◆ **Work order**
Output, exactly as written, the lines below from the one that has "this 400×300 image." through the one that has "this 370×230 image."; nothing else, and no pictures.

◆ **Records provided**
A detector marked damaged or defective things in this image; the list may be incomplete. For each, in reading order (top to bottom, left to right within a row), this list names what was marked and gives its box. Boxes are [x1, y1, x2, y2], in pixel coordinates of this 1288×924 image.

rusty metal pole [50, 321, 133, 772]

* * *

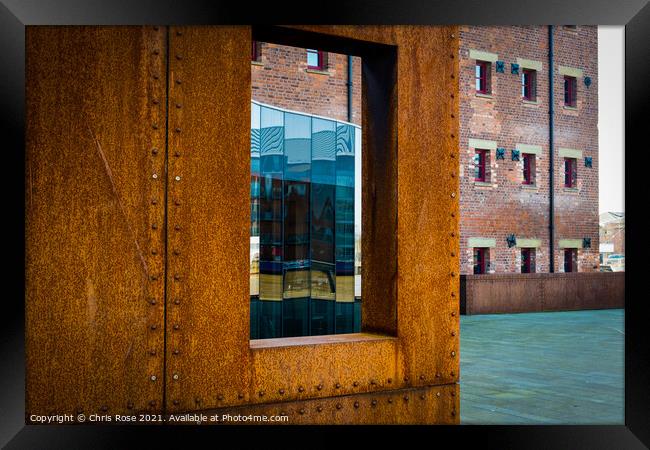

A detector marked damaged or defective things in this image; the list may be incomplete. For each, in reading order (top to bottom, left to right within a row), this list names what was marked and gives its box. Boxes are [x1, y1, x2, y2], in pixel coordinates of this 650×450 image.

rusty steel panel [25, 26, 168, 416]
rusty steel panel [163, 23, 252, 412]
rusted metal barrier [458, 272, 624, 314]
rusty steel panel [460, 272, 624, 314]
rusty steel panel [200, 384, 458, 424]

...

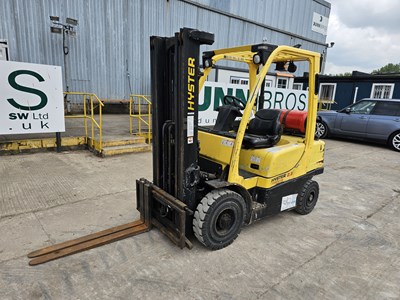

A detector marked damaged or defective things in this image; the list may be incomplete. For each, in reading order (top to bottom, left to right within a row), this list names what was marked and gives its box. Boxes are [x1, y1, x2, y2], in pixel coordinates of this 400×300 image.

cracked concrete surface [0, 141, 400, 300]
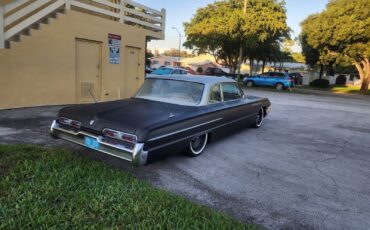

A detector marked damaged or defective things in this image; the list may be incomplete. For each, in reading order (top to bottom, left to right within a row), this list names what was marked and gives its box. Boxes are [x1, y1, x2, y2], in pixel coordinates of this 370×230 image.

◆ **Result of this task**
A detector marked damaged or defective things in this image; the list may be incomplete. For each, in reading order (top to bottom, left to right within a row), this list names what was marked and gives its box. Boxes are [x1, y1, x2, y2], in pixel coordinates of this 400×300 image.

cracked concrete surface [0, 141, 400, 300]

A detector marked damaged or defective things in this image; the list may be incomplete. For each, in reading order (top to bottom, left to right within a row), this list names what was marked and gives its box. Boxes are [x1, y1, x2, y2], in pixel coordinates of this 370×230 image.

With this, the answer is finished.